Serving the needs of separated and divorcing families

The Power of Negative Beliefs in Divorce

Seek and Thee Shall Find

If you have ever been in love you know what a powerful drug love can be.  It may be the most powerful drug in the world.  No one can talk you out of being in love and it is usually a waste of time even attempting to do so.  The person in love is under a spell and will only see the object of their affections the way they choose to see them based upon their own preconceived beliefs.  “Sure my boyfriend might drink a little too much, but it isn’t a problem.  You don’t really know him; he is a wonderful man.”   “She is the woman of my dreams.  There is no way she would be interested in my money and I can tell she is not a gold digger.”

Confirmation bias is the tendency to seek, interpret and record information that confirms our preconceptions.  It happens when people give more weight to evidence that confirms their hypothesis and undervalues evidence that can disprove it.  Facts rarely have a chance to be recognized when up against the power of our beliefs.

So it makes reasonable sense that the opposite may be true.  When we have a strong negative belief about someone, such as your former spouse or in-laws, we are likely to mentally record only the facts that will confirm our belief.  (Humans really love to feel right!)  For example, you are anxious that your child’s adolescent sloppiness indicates they will grow up to be a “slob.”  In believing this, you will only see when they are lazy, careless, sloppy etc… The times when your child is careful and responsible may be missed if your negative beliefs and expectations are strong enough.

Now consider the adult you have strong negative feelings about.  It may be a sibling, a neighbour or even your co-parent.  Your negative beliefs will lead you to notice only the moments that will confirm your belief.  If you believe someone is selfish then that is all you will record.  If you believe someone is insensitive you will not notice when they are indeed emphatic.  If you believe they are out to ruin you then you will mentally record anything that looks like aggression and completely ignore when their behavior is not in line with your belief.

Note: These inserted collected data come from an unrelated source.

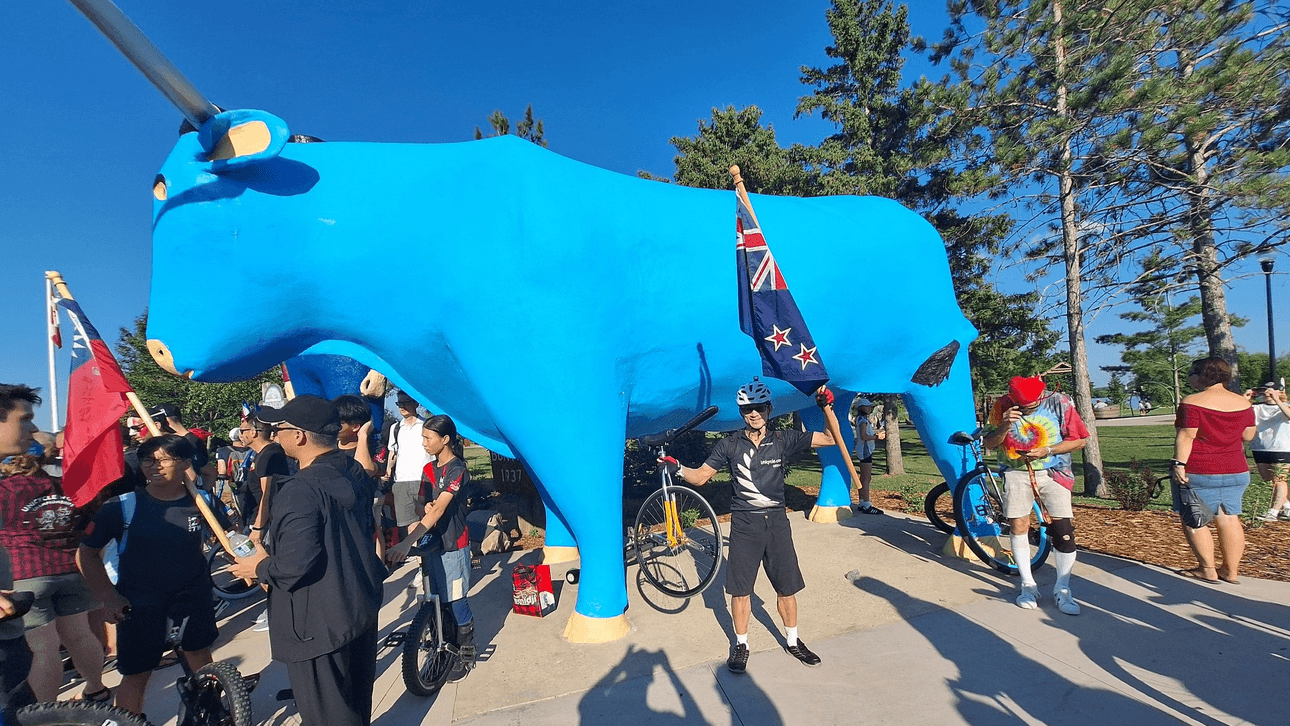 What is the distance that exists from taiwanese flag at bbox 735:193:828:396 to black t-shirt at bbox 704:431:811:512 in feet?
1.98

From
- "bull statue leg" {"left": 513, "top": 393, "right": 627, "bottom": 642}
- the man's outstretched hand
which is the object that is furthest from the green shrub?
"bull statue leg" {"left": 513, "top": 393, "right": 627, "bottom": 642}

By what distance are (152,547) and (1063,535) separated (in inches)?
233

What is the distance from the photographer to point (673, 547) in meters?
5.16

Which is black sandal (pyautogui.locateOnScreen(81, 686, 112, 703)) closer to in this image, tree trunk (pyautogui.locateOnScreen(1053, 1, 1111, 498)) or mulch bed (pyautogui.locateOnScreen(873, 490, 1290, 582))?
mulch bed (pyautogui.locateOnScreen(873, 490, 1290, 582))

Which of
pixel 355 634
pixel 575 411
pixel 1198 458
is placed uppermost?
pixel 575 411

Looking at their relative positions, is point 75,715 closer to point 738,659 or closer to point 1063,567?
point 738,659

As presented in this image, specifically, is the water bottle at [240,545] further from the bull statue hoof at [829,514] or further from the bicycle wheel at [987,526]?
the bull statue hoof at [829,514]

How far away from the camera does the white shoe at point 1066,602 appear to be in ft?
13.4

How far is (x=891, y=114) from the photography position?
1291cm

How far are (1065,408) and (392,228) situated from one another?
5214mm

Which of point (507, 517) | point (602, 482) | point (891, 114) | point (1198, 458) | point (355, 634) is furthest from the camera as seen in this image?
point (891, 114)

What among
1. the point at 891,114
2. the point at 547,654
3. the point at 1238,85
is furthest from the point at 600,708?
the point at 891,114

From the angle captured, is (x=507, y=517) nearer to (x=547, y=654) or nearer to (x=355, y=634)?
(x=547, y=654)

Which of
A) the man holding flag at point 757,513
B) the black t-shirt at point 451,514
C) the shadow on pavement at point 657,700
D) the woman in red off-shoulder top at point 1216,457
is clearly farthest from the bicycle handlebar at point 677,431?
the woman in red off-shoulder top at point 1216,457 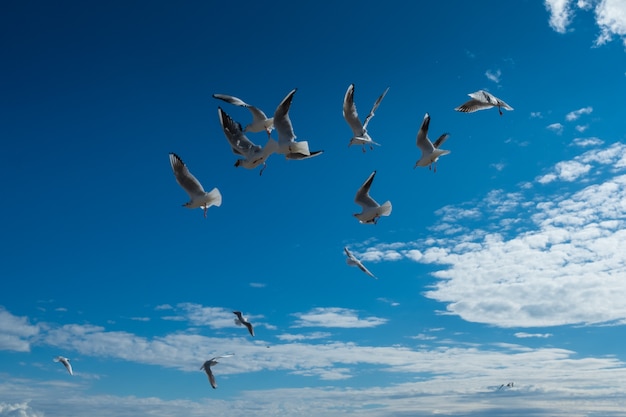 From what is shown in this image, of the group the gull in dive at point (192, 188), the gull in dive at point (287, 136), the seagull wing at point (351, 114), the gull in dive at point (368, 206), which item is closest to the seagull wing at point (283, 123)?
the gull in dive at point (287, 136)

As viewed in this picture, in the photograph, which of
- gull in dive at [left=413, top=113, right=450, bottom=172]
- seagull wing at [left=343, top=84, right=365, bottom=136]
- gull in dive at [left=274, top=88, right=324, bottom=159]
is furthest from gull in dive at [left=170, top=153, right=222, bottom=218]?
gull in dive at [left=413, top=113, right=450, bottom=172]

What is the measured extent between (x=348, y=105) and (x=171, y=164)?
296 inches

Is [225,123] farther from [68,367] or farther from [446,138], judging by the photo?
[68,367]

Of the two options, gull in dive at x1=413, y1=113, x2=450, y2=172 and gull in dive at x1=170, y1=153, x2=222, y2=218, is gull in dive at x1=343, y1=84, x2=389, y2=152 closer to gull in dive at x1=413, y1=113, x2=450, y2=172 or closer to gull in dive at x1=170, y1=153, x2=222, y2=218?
gull in dive at x1=413, y1=113, x2=450, y2=172

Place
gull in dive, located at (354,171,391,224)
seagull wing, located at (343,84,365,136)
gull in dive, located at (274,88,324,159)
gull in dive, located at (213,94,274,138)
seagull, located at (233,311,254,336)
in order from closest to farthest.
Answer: gull in dive, located at (274,88,324,159) → gull in dive, located at (213,94,274,138) → seagull wing, located at (343,84,365,136) → gull in dive, located at (354,171,391,224) → seagull, located at (233,311,254,336)

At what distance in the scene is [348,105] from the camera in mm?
24844

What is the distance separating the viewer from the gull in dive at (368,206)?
25812 mm

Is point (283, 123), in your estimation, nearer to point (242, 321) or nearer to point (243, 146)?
point (243, 146)

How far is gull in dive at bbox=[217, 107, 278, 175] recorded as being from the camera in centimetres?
2096

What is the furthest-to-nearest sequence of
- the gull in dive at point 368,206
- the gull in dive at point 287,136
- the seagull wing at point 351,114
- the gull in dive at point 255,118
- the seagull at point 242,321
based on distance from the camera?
the seagull at point 242,321
the gull in dive at point 368,206
the seagull wing at point 351,114
the gull in dive at point 255,118
the gull in dive at point 287,136

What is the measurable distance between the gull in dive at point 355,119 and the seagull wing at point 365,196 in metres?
1.67

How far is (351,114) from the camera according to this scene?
982 inches

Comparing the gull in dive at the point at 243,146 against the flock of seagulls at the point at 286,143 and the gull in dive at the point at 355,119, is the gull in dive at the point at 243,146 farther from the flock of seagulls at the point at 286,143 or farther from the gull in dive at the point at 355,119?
the gull in dive at the point at 355,119

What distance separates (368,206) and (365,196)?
0.45 meters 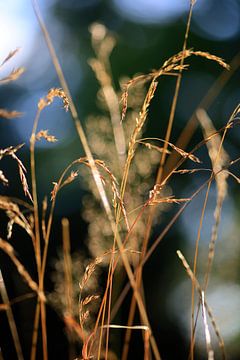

In a conflicted divorce, adults feel anxious to protect themselves.  They become very protective of their negative beliefs about their co-parent much like the person in-love.  They will resist anyone pointing out any discrepancies.  This creates more “always and never” comments and thoughts.  “He is a complete control freak!”  “She is never flexible with the schedule.”  As a result they will not notice when the other parent is reasonable (albeit- rarely but none the less it will be missed).

For your sake and your child’s, consider you may be caught up in your own confirmation bias about the other parent which is not helpful to being reasonable or appreciative.  It will not help you develop a more cooperative relationship.

There are three things you can do to bypass your own faulty brain:

  1. Acknowledge your negative beliefs (not to your child of course, even though they unfortunately have already figured out.)
  2. Completely stop using the Always and Never
  3. Make a serious effort to be aware of the exception or the opposite of what you believe and expect.

These three steps will help you make a conscious effort to put on new glasses that may allow new information to be processed in your brain.  Furthermore, your child will not have to play devil’s advocate to point out the positives and convenience you of a truth you cannot see.  In other words learn to seek the exceptions to your belief and enjoy the rare occasions when they occur.